Two men match wits to see which is on the side of the intellectuals and which is on the sucker list—and all because of a few letters written by a young lady who had not reached the age of discretion.

THE sign on the door read, The Kimbarton Detective Agency. Underneath in smaller letters were the words, Divorce Cases A Specialty. The building was dingy and the corridors showed strong evidences of neglect.

The man in the hall plainly did not belong. From the "tissue weight fall soft" to the neatly shod feet, he was immaculate. The gray suit with the gardenia in the buttonhole, seemed to recoil in disgust from the dry, musty odor that pervaded the place; the irreproachable linen of his attire looked whiter for its surroundings. His nostrils twitching disdainfully and the clean-cut patrician face with its thin, cruel lips, showed the distaste he felt for the work before him. He reluctantly opened the door and went in.

The office bore out the promise implied by the rest of the building. It was lighted by two dingy windows, through which the sun was trying in vain to shine. A typewriter desk, minus the typewriter, occupied the room. Three or four chairs, timeworn and dilapidated, stood along the wall, and a calendar bearing a date of two years previous hung between the windows. A door at the back of the room bore the inscription, Mr. Kimbarton, Private, and from behind this issued raucous snores with steady monotony.

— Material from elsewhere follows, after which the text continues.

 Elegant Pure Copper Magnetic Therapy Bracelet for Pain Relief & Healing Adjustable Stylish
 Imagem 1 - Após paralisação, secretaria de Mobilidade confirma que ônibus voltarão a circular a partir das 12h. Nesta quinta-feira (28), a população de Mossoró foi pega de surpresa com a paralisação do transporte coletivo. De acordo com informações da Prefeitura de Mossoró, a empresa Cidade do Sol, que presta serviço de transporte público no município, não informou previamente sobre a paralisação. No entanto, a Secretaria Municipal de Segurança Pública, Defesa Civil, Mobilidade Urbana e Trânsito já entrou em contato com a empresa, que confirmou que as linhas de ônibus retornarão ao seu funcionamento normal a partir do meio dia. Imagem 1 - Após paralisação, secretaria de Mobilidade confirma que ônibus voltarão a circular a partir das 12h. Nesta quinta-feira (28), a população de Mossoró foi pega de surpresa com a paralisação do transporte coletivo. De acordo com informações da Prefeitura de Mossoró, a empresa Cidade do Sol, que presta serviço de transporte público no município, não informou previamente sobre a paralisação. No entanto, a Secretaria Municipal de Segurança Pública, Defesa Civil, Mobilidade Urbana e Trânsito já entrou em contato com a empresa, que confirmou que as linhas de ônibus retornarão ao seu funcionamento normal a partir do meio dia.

The visitor rapped smartly on the desk with his cane, waited a moment, rapped again, and then a third time.

The snores ceased, the door opened, and from within came a short, pudgy figure dressed in a soiled and wrinkled suit of blue serge. He stood in the doorway for a moment, sleepily rubbing his eyes, his pasty face moist with perspiration.

"Whadya want?" he growled surlily.

"Mr. Kimbarton, I take it?" remarked the visitor.

"You take it right then, an' I don't need no books, an' no insurance, an' you gotta fat lotta nerve a-comin' into a busy man's office an' poundin' on his furniture with a stick. Whadya want anyway?"

"I thought," said the stranger, picking his stick up from the desk where he had laid it, "that this was a detective agency. I see that I was mistaken. It's a school for bad manners; and, as I don't feel that I need any lessons in that line, I will bid you good-day."

He started for the door, but the other forestalled him.